Task brief → Below are records with pictures in them. Output exactly the lines from the one with "Horse Photograph Print" through the one with "Apartment Entier - Calme", both included, and leave every picture out; give only those lines.

(Image-text web data)
[Start of Attachment]
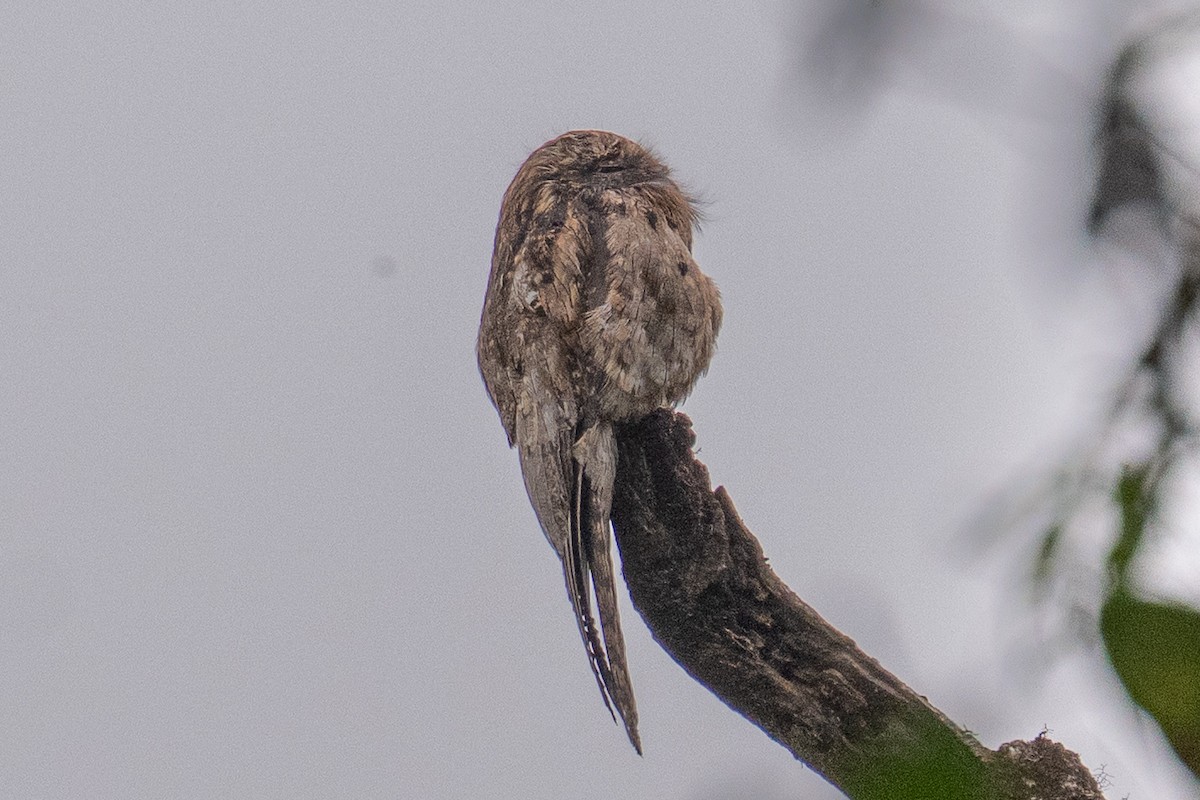 Common Potoo - ML639856970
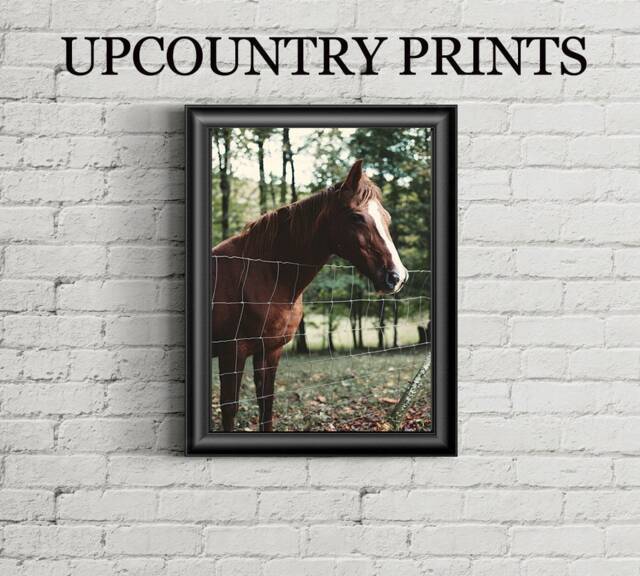 Horse Photograph Print Farmhouse Gallery Wall Art - Digital Download - image 1
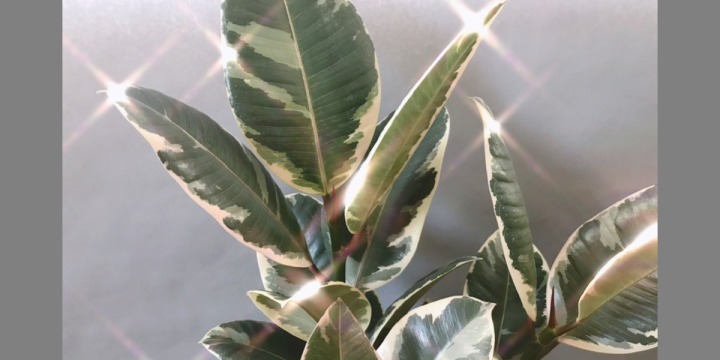 Why The Rubber Tree Should Be Your First Indoor Plant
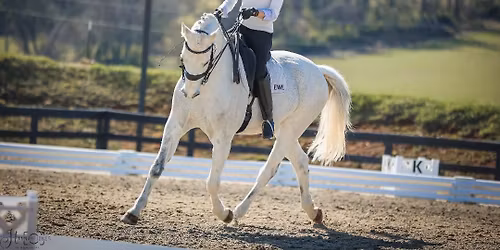 Dressage Show (VADA\/NOVA)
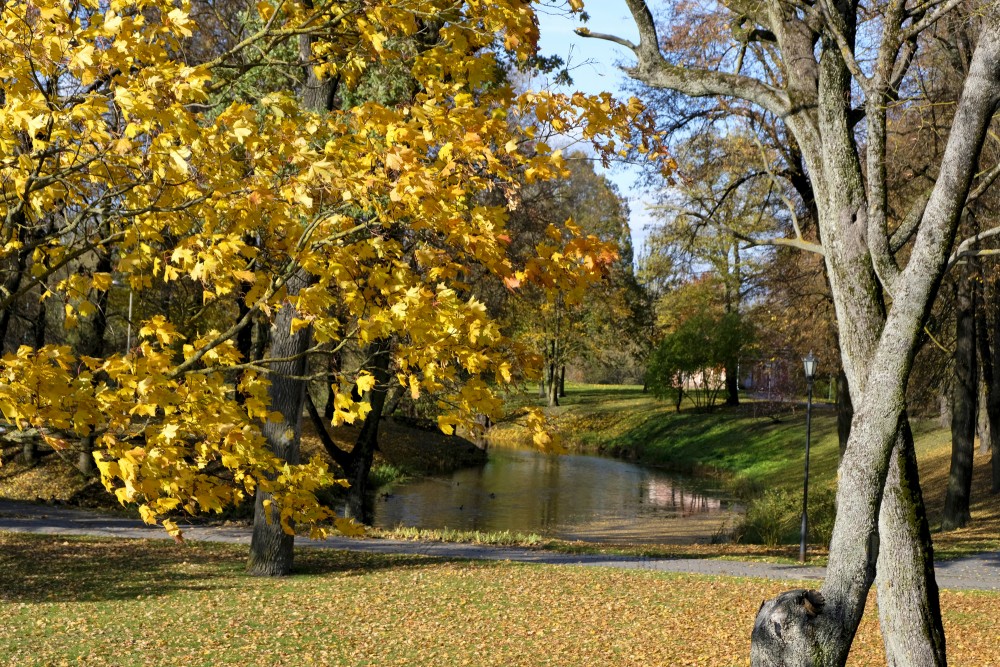 Pilssalas kanālmala rudenī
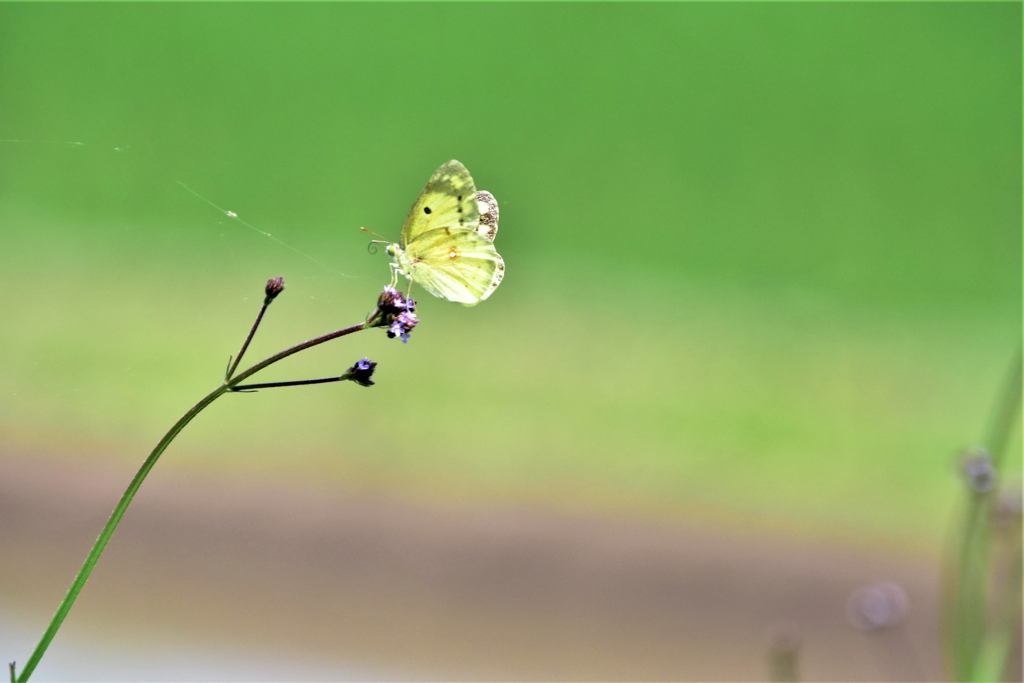 花と蝶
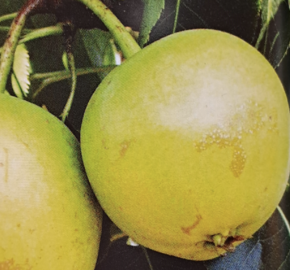 Hrušeň asijská - nashi 'Julka' - Pyrus pyrifolia 'Julka'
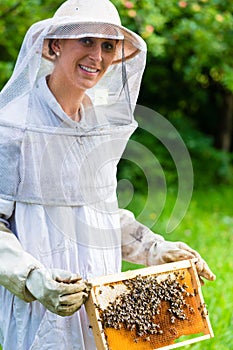 Beekeeper controlling beeyard and bees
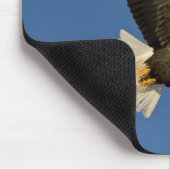 Bald Eagle, Haliaeetus leucocephalus, Homer Muismat (Hoek)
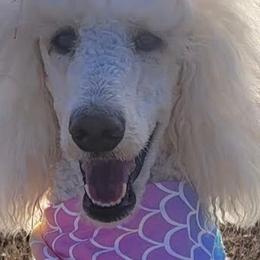 Maltese, Maltipoos, and Yorkipoos from Boujeepups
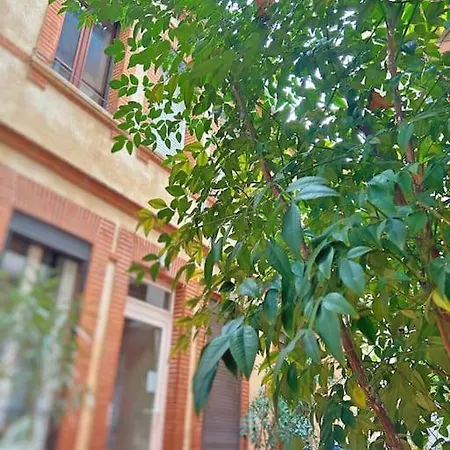 Apartment Entier - Calme Et Confortable - Centre Toulouse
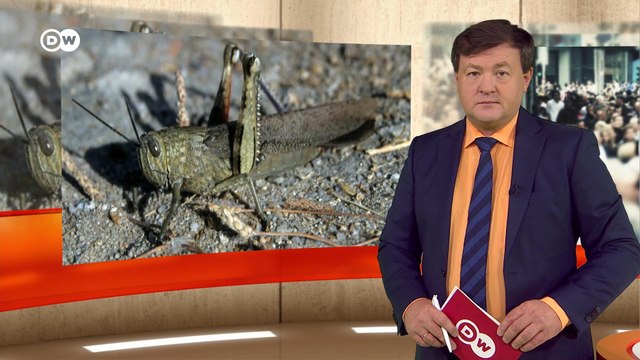 Катастрофа за катастрофой: жара, засуха, пожары, а теперь еще и нашествие саранчи. Европа в фокусе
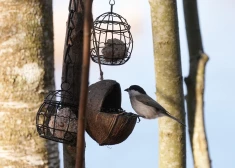 В Латвии ожидается переменчивая неделя с туманами, дождями и прохладными ночами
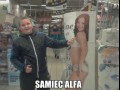 Samiec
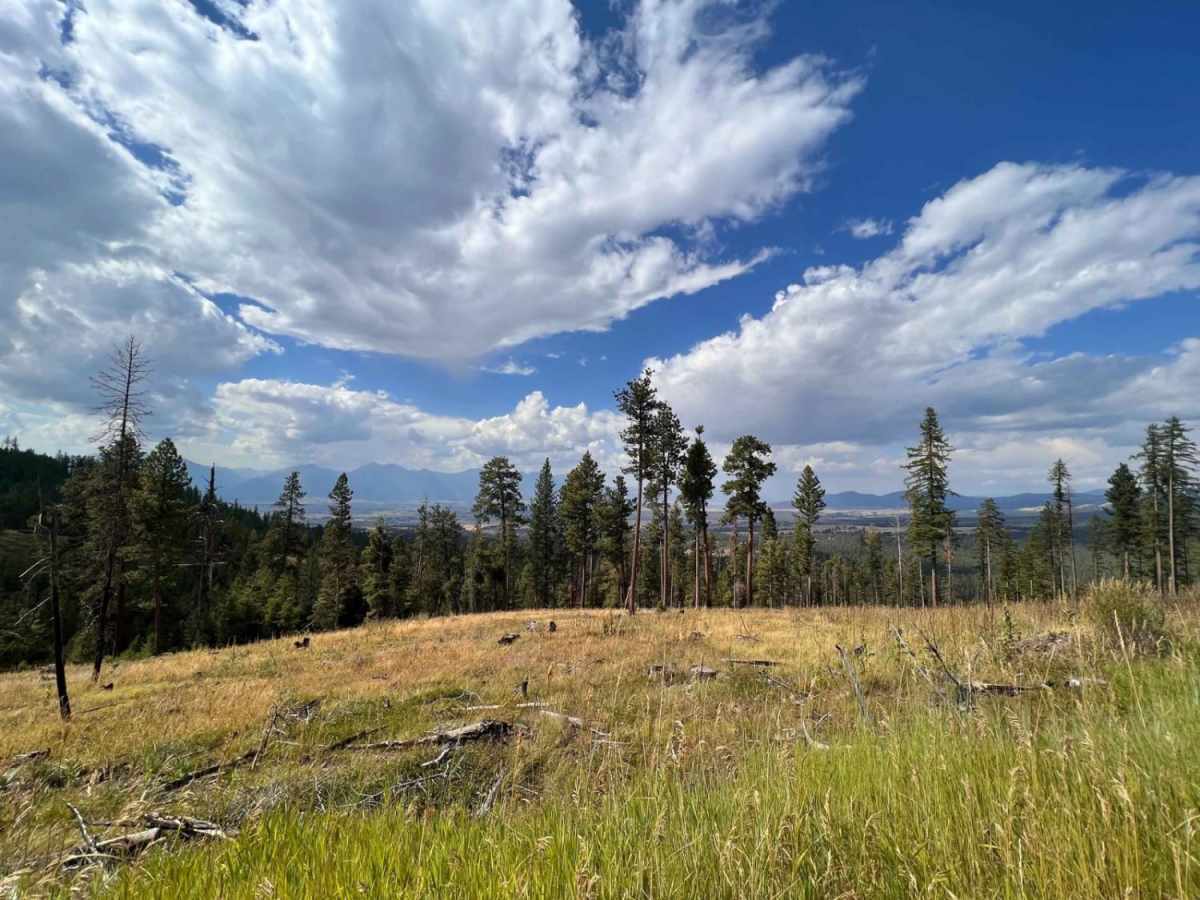 Middle Ambrose trail photo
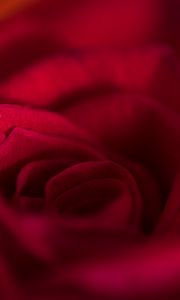 Preview wallpaper rose, bud, petals, flower, red, macro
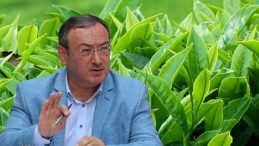 Çaykur Rekolteye Ulaşıyor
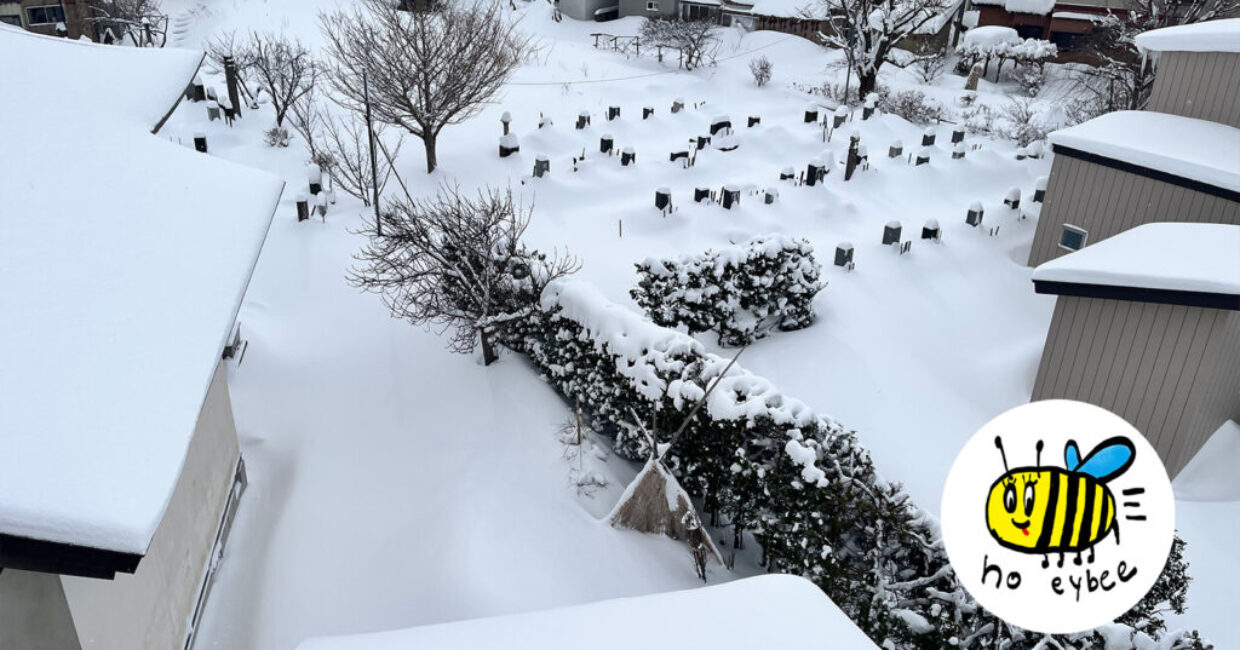 ぎんなんウェブ || 日蓮宗 隆光山 法永寺 || 青森県五所川原市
[End of Attachment]
Exercise answer →
 Horse Photograph Print Farmhouse Gallery Wall Art - Digital Download - image 1
 Why The Rubber Tree Should Be Your First Indoor Plant
 Dressage Show (VADA\/NOVA)
 Pilssalas kanālmala rudenī
 花と蝶
 Hrušeň asijská - nashi 'Julka' - Pyrus pyrifolia 'Julka'
 Beekeeper controlling beeyard and bees
 Bald Eagle, Haliaeetus leucocephalus, Homer Muismat (Hoek)
 Maltese, Maltipoos, and Yorkipoos from Boujeepups
 Apartment Entier - Calme Et Confortable - Centre Toulouse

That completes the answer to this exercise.